きっかけは日課のジョギングだという。走りながら足元のゴミを拾っているうちに、これを団体競技にすることを思いついたのだとか。11年前のことだ。
当時は知り合いに声をかけての単発的なイベントだったが、開催数を重ねるごとに“競技”のルールも洗練され、そのうち縁もゆかりもない地方自治体や学校から「開催して」と依頼がくるようになる。
イベントの規模や顔ぶれはそのたび違うが、サッカーや野球のチームが主催に加わって参加者が100人以上になると、集まるゴミの量も種類も数十倍に膨らみ、圧巻だそう。
2016年には海を越え、ロシア、ミャンマー、韓国、米国、パナマから招致されている。馬見塚さんは言う。
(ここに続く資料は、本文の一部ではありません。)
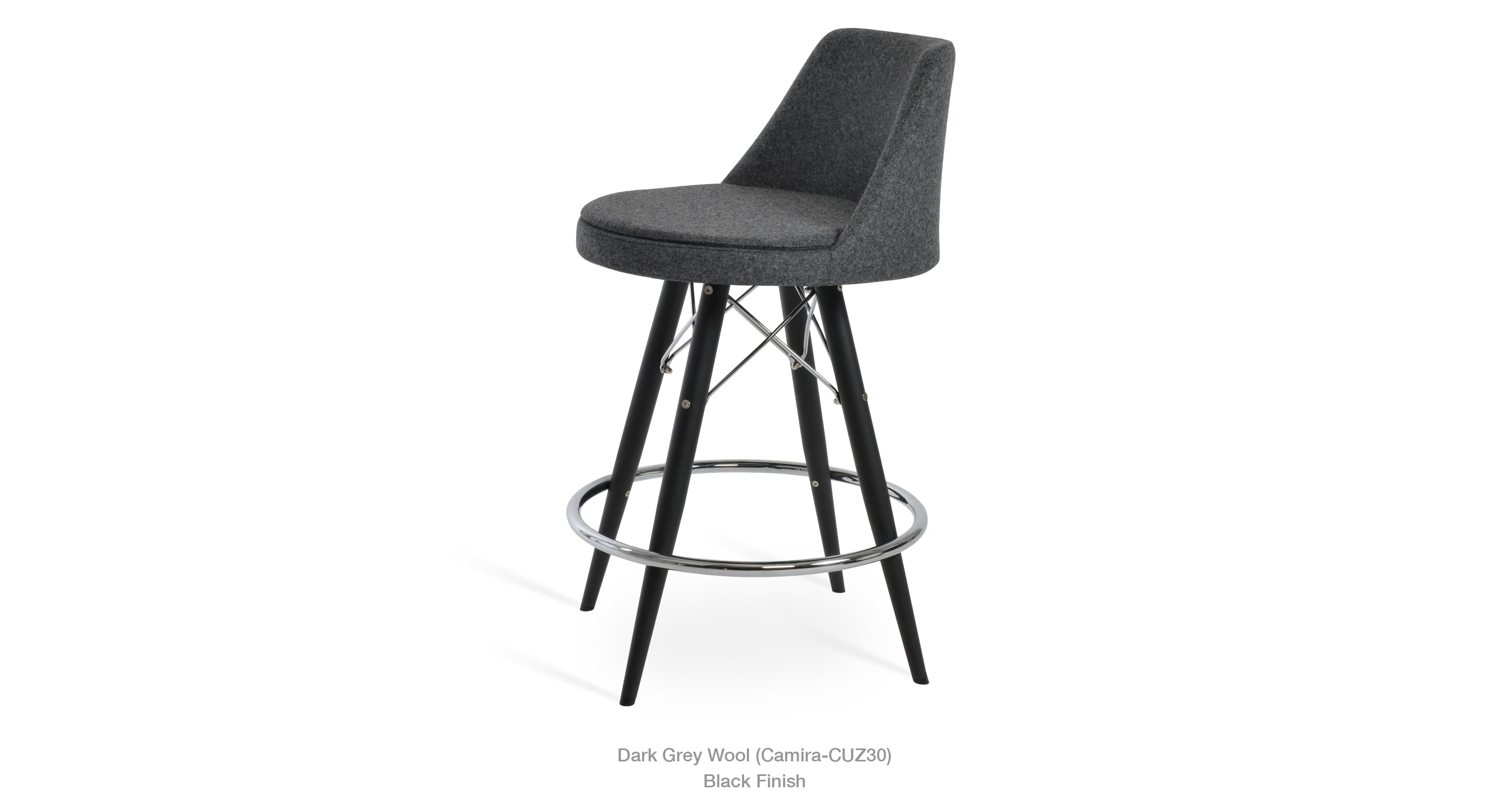 Martini MW Stool - compact and stylish design | Image 19 | InSTYLE Home & Rugs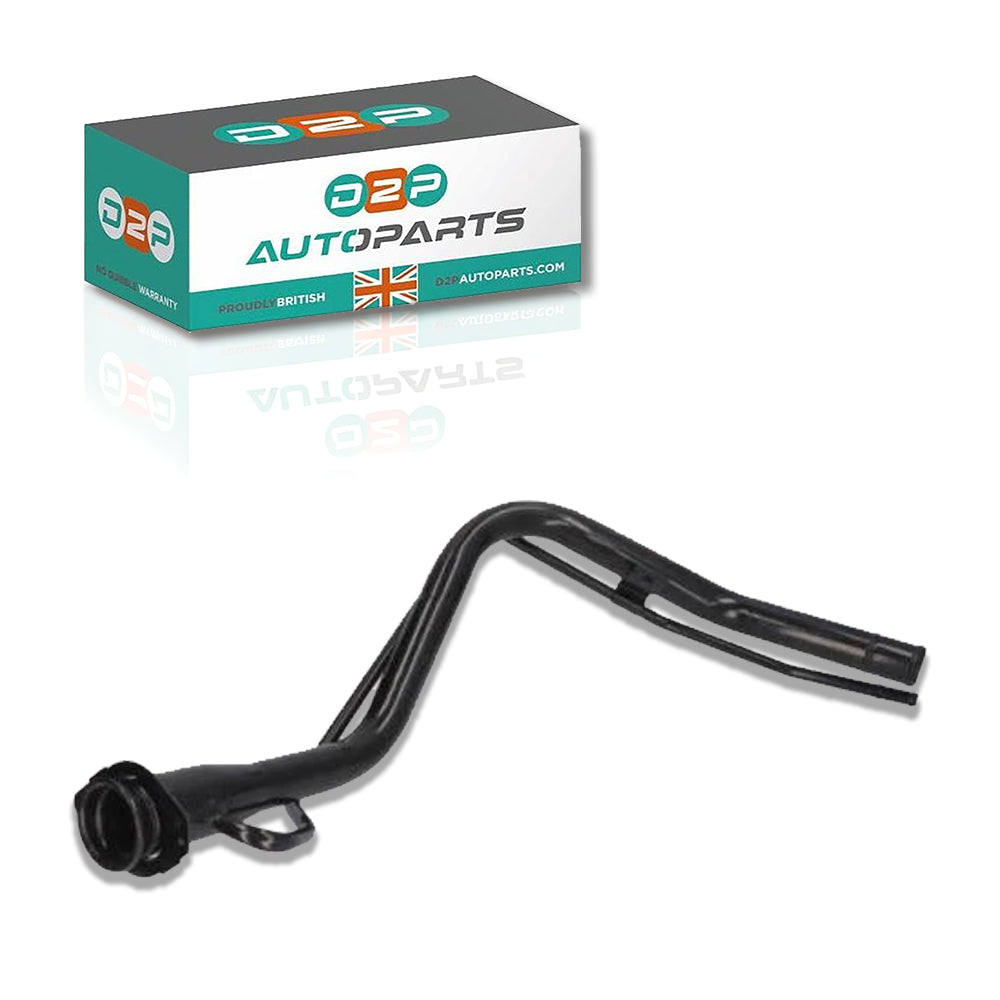 Fuel Filler Neck Pipe for Suzuki: Grand Vitara, Swift, MK3 (2005-2011) 1.3, 1.5, 1.6 Petrol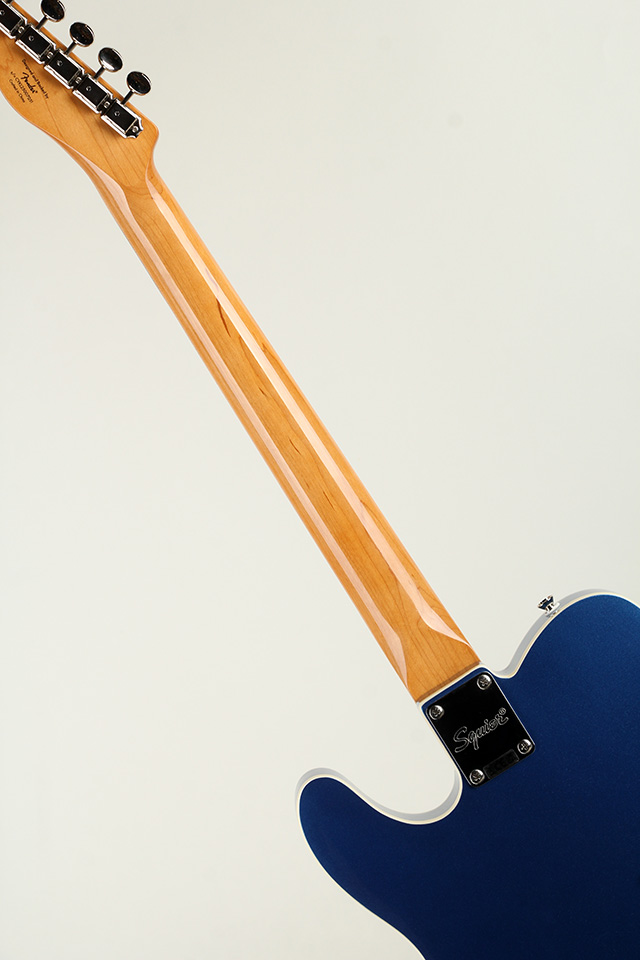 Classic Vibe '60s Custom Telecaster SH with Bigsby Lake Placid Blue【S/N CYKL25007051】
「ゴミ事情は土地柄によってまるで違うんですよ。たとえば都会に多いのがビニール傘。
地方はトースターとか、アイロンなどの小型家電が目立ちます」
海外ではお国柄がゴミに出るという。日本のように不燃・可燃で分別する国はなく、ドライかウエットかで分ける。かと思えば、ゴミを土に埋めてしまう国もあって、引っ張り出すとイモづる式にどんどん出てきたりする。行ってみないと何が起きるかわからない。
「パナマで多いゴミはストローですね。なにせホットコーヒーもストローで飲むので、街の至るところにストローが落ちています」
スポGOMIのエラいところは、ここから。地域性の高いゴミのポイントを高くして、その国特有のゴミをしっかり集めるようにするんだって。
落ちているのが当たり前。土地の人は気にもならなかったストローを徹底的に拾い集めてしまうと、あら不思議。清潔になった道には、今までのように“ポイ”とストローを捨てにくくなる。これが“スポGOMI”の狙いなのだ。
「今回、ポイントが高いのはたばこの吸い殻ね。1本だって見逃さないわよ」
こうして本誌“チーム・女性セブン”は支給された白い軍手をはめ、横浜の街に飛び出していったのである。